Кроме тесноты и духоты живущей дебри, вся она переполнена массою уже почахлой растительности, иссохшим прутняком, огромными скелетами когда-то могучих стариков лесного царства, разбитых громом, изломанных бурей, свалившихся от истощения и по пути падения к сырой земле прекративших существование всему, что попадалось мертвому телу мертвого лесного Ватикана. Но эта просека, изумляющая размерами труда, положенного в нее вятичем, еще только начало действительных изумлений, которые начинаются с той минуты, когда изломанная лошадь вывозит изломанную тележонку с изломанными путниками из просеки на широкий простор полей.
Теперь уже не просека, шириною в три – три с половиной аршина овладевает вниманием путника, а широкое пространство засеянных и колосившихся полей, очевидно отнятых трудами тех же рук того же вятича и у того же дремучего леса.
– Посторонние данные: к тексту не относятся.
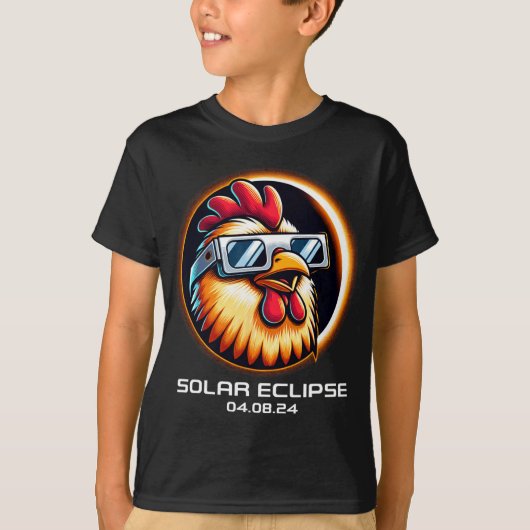 Eclipse 太陽の 2024チキン全体かわいいマッチング tシャツ (正面)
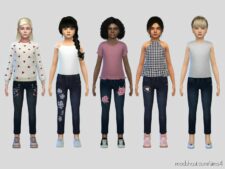 Floral Patches Jeans for Sims 4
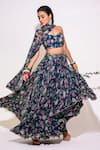 Buy_Aangan by Parul_Blue Chiffon Print And Embroidery Floral Waistband Lehenga Set _at_Aza_Fashions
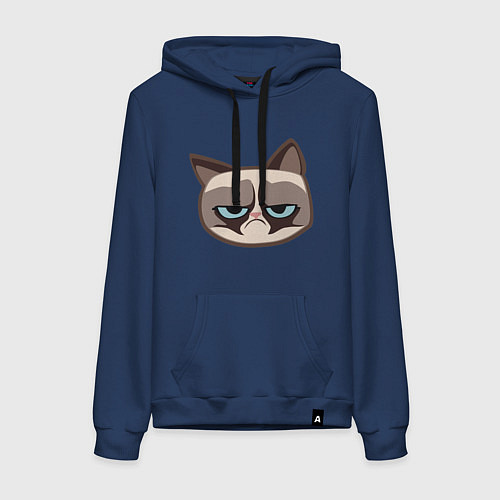 Женская толстовка-худи Мем недовольный кот / Тёмно-синий – фото 1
Среди широкого пространства засеянных полей, как улья огромнейшего пчельника, рассеяны массы пней, которые при пахоте и посеве несомненно надо было обходить и лошади, и пахарю, и косуле[36]. Видишь, что косуля на каждом шагу должна была зацепляться за корни этих пней, которых, очевидно, нет никакой возможности вырвать из земли. Понимаешь, что и жнитво, возка снопов среди этих пней – дело непостижимой трудности, и понимая и видя все это, решительно не понимаешь, какая нечеловеческая сила могла совершить все это не более как в течение трех лет?
В три года сделана просека длиною в четыре-пять верст, расчищены и засеяны десятки десятин из-под леса, выстроено пять хуторов, от пяти до пятнадцати изб в каждом, при каждой усадьбе слажены все необходимые хозяйственные постройки, – погреба, помещения для скотины, навесы, наилучшим образом расчищены эти же дебри для огородов, где не подобает быть пням в таком количестве, как в поле, где борьба с ними на пространствах десятков десятин уже решительно невозможна. И это все совершено в три года, в три года положено прочное начало жизни на новых местах, в диких лесных дебрях; и продолжение устроения, видимо, не прекращается ни на одну минуту. Рубит и тешет топор, стучит в кузнице у речки молот, пилит пила; свежими щепками, обрубками, кучами нарубленных и очищенных для построек дерев полны все дворы, вся улица[37] и все незначительные пространства вокруг избы.